The funding is a result of the Southern Nevada Public Land Management Act (SNPLMA), which uses proceeds from sales of Federal land in Clark County, Nevada, to fund conservation initiatives, capital improvements, hazardous fuels reduction, environmentally sensitive land acquisitions, and improvements to local parks throughout the state.
“These funds will help ensure that our public lands continue to enhance and support economic growth and development throughout Nevada,” said Acting Director Pool. “The BLM remains a strategic partner with the State of Nevada, including through this program that provides vital resources for key conservation and recreation projects.”
Funding approved in Round 13 expenditures under the Act includes more than $6.8 million for projects throughout Nevada and in Lake Tahoe in the following categories:
--Parks, Trails & Natural Areas - $1,966,278
--Capital Improvements - $1,395,560
--Conservation Initiatives - $858,274
--Environmentally Sensitive Land Acquisitions - $322,800
--Hazardous Fuels Reduction and Wildfire Prevention - $1,688,650
--Eastern Nevada Landscape Restoration Project - $661,690
The Round 13 approval also includes $1 million in a special account reserve for emergency or unexpected project expenditures.
The Round 13 projects will support a mix of up to 41 full- and part-time jobs during the seven years of project activity.

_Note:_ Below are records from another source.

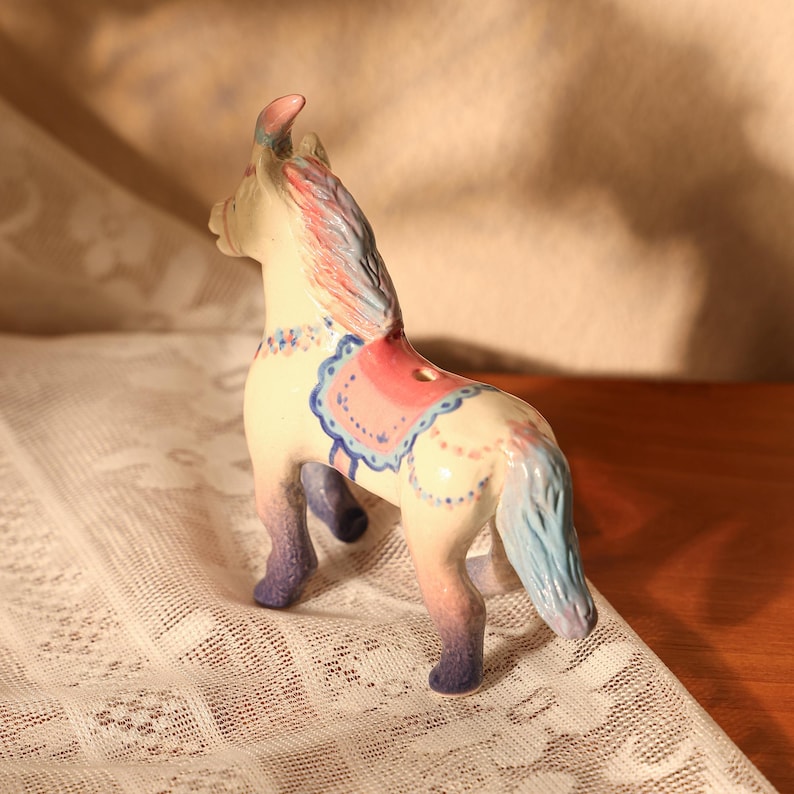 Op de afbeelding: Een keramieken paardenbeeldje met een cr&egrave;mekleurig lichaam, versierd met roze, blauwe en paarse accenten. De manen en staart hebben een mix van roze en blauwe tinten. Het paard heeft een decoratief zadel en staat op een wit kanten oppervlak.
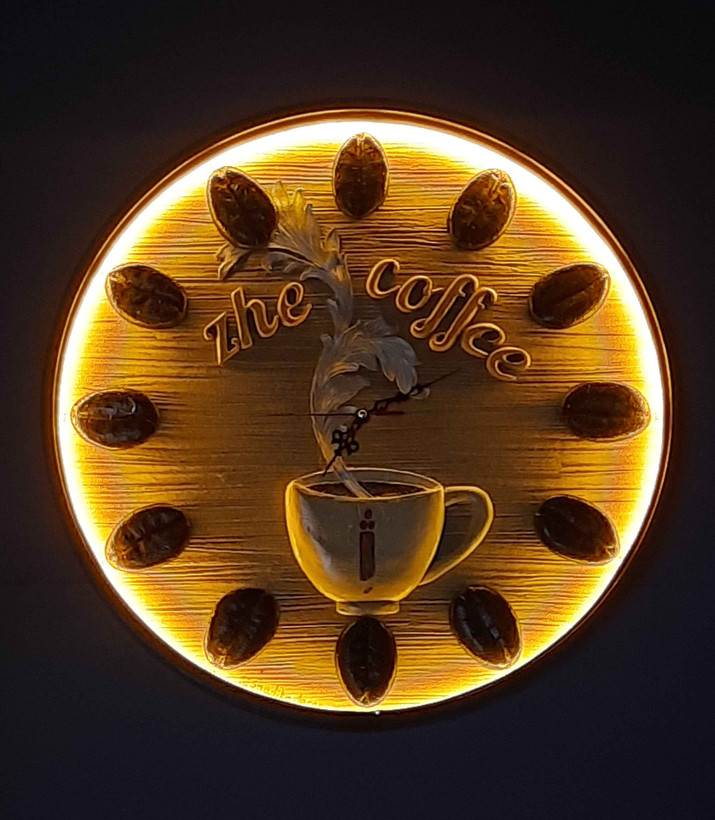 ساعت دیواری چوبی با طراحی خاص برای کافه ژ، شامل چیدمان دانههای قهوه به جای اعداد ساعت، تصویر فنجانی با بخار در حال بالا رفتن در مرکز، و عناصر گرافیکی مینیمال با رنگهای گرم؛ القاکنندهی فضایی دنج و صمیمی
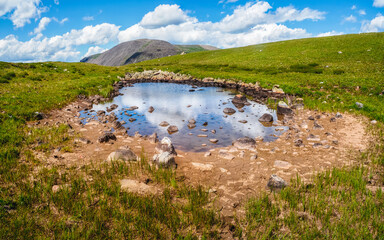 Green swampy plateau and a blue puddle against the background of distant hilly mountains. A panorama of a pure green landscape.
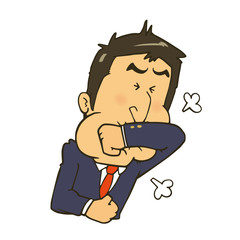 咳を腕で受け止めるスーツの男性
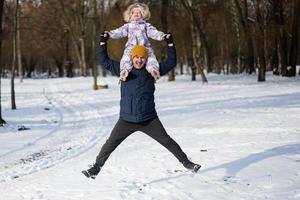 Vater halt Kind auf Schultern während Springen zusammen beim sonnig eisig Winter Tag im das Park. Papa und Tochter Liebe. foto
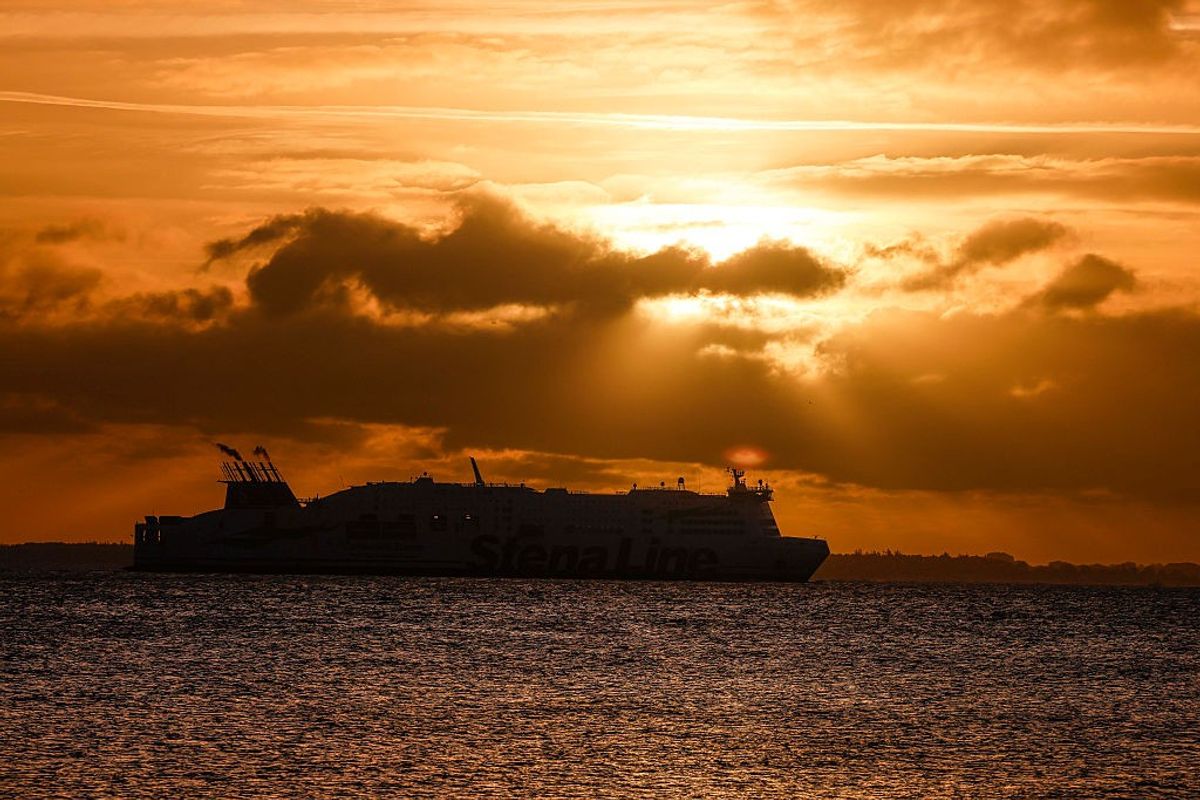 A ship crosses the Baltic Sea at sunrise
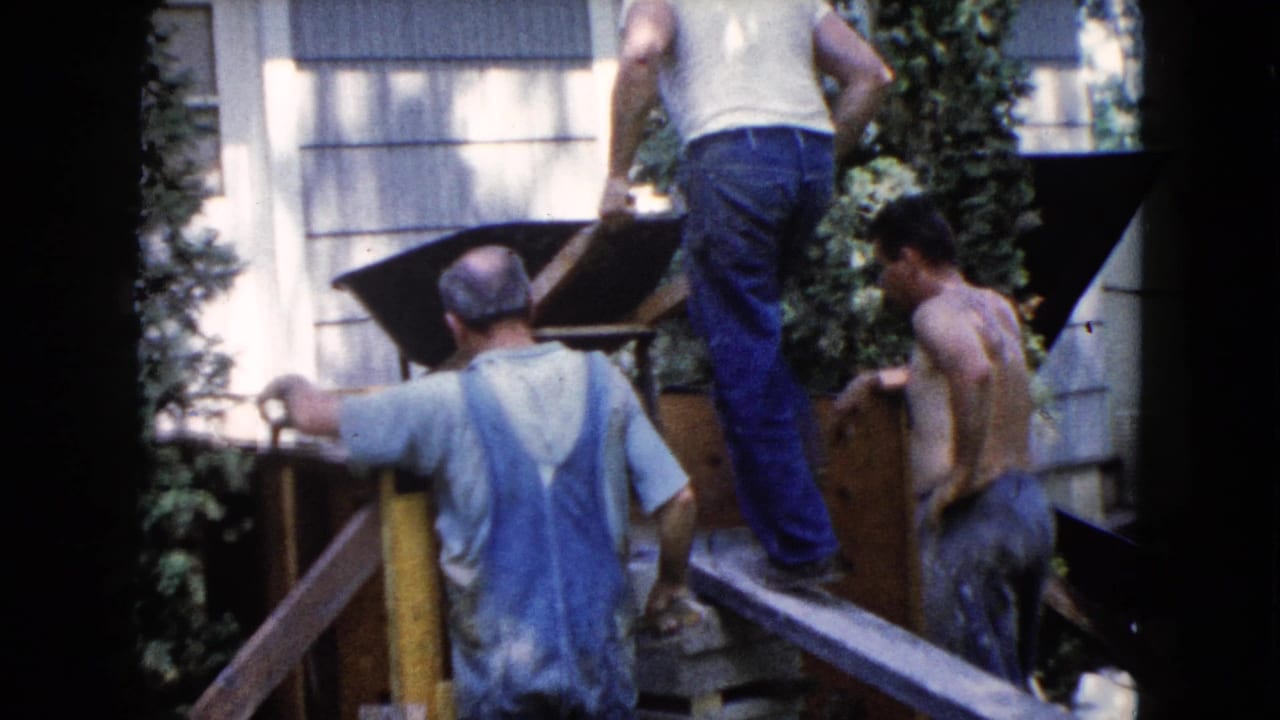 Three men work around a wheelbarrow and wooden platform beside a house.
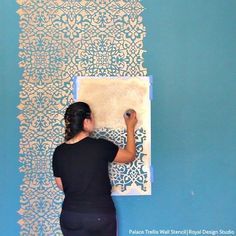 a woman is painting on the wall with blue and white stencileds in front of her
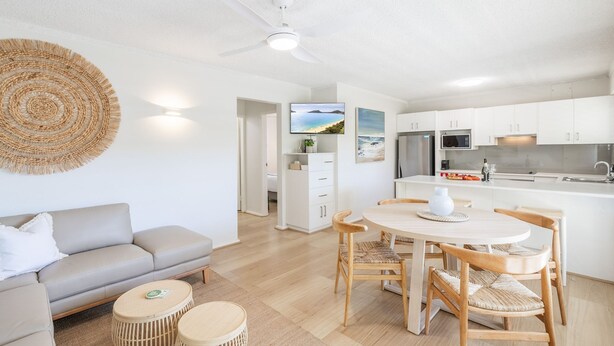 A modern kitchen with white cabinets, a dining area with a round table and chairs, a sofa, and a woven wall hanging. - Shoal Court 4, 7 Lillian St - water views , linen, bed making (Shoal Bay)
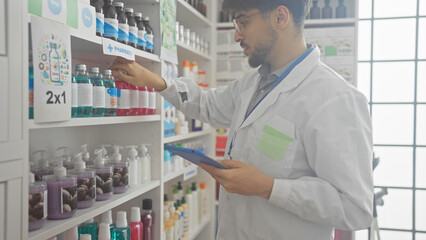 Handsome arab pharmacist with beard organizes medicine shelves in a modern drugstore while holding a tablet.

Additional information on the Round 13 approved project funding is posted online at: http://www.blm.gov/nv/st/en/snplma.html.
The Department of Interior, of which the BLM is part, has contributed more than $2.9 billion to key restoration projects throughout Nevada, including more than $300 million for Lake Tahoe Basin restoration since passage of the Act in 1998, which completes the Federal share of the Lake Tahoe Environmental Improvement Program. These funds are going to protect life and property; increase the quality of life for residents and visitors to Nevada and California; provide recreation opportunities for Nevada’s rural and underserved communities; and restore environmental health and ecosystem function for threatened, endangered, and sensitive species.